HERR IM HINTERHOF: Biden etwas einsam
Vorsorglich verpasst Washington nicht nur den Regierungen, sondern auch Vertretern der »Zivilgesellschaft« dieser Länder einen Maulkorb. So wurden Mitgliedern des kubanischen Behindertenverbandes Aclifim, der Schriftstellervereinigung Uneac, eines Verbandes zur Förderung der kubanischen Land- und Forstwirtschaft und von Cubasolar, einer Organisation zur Förderung der Energieerzeugung aus erneuerbaren Quellen, sowohl die persönliche wie auch die Teilnahme an Onlineveranstaltungen verwehrt. Statt dessen sollen einige der von US-Diensten finanzierten Systemgegner die Länder in Los Angeles »repräsentieren«.
Auch US-Bürger dürfen öffentlich keine abweichenden Positionen vertreten. Die Organisatoren eines von verschiedenen US-Organisationen geplanten »Volksgipfels«, der »die Interessen der Armen und Besitzlosen unserer Hemisphäre« in Los Angeles artikulieren sollte, haben am Dienstag angeprangert, dass die Polizei von Los Angeles eine Demonstration während des Gipfels verboten habe.
Die Geschäftsführerin der Organisation »Californians for Humane Immigrant Rights Los Angeles« (CHIRLA), Angélica Salas, erklärte laut dem lateinamerikanischen Fernsehsender Telesur, das »People’s Summit« werde »Themen ansprechen, die für unser Volk wichtig sind, aber vom Präsidentengipfel ausgeklammert wurden. Die Rechte der Migranten, der Frauen und der Beschäftigten, der Wiederaufbau und Schutz demokratischer Normen und die Sicherheit der Familien. Wir werden eine andere Vision der Hemisphäre als einen Ort des Friedens, der Freiheit und des Wohlstands für alle präsentieren, der kein Land ausschließt.«
Aber Washington glaube, »das Recht zu haben, allein zu entscheiden, wer demokratisch ist und wer nicht, obwohl es im Laufe seiner Geschichte immer wieder in Drittländer einmarschiert ist, die Völkergemeinschaft belogen hat – der Irak ist nur ein Beispiel –, mordet, Staatsstreiche organisiert, Sanktionen verhängt und internationales Recht verletzt; natürlich im Namen der Demokratie«, beschrieb die mexikanische Tageszeitung La Jornada am Dienstag den Grund für die Ablehnung des Treffens in vielen lateinamerikanischen Ländern. Es sei klar, dass dieses Land als entschiedener Gegner des Rechts der Nationen, souverän über ihren Weg zu entscheiden, die Voraussetzungen für die Ausrichtung eines Amerikagipfels nicht erfülle, kommentierte die angesehene Zeitung.

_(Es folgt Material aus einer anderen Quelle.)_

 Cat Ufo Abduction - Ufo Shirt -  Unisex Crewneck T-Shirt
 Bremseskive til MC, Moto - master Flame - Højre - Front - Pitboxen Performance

Hintergrund: Geschichte einer Ausgrenzung
Beim ersten Amerikagipfel, 1994 in Miami, hatten die USA bereits Kuba ausgeschlossen. Die übrigen 34 Staaten unterstützten Washingtons Projekt einer gesamtamerikanischen Freihandelszone (Free Trade Area of the Americas, FTAA), die in Lateinamerika als »Área de Libre Comercio de las Américas« (ALCA) propagiert wurde. Wie in Miami war der Ausschluss Kubas auch auf den Gipfeltreffen in Santiago de Chile (1998) und Québec (2001) kein kontroverses Thema.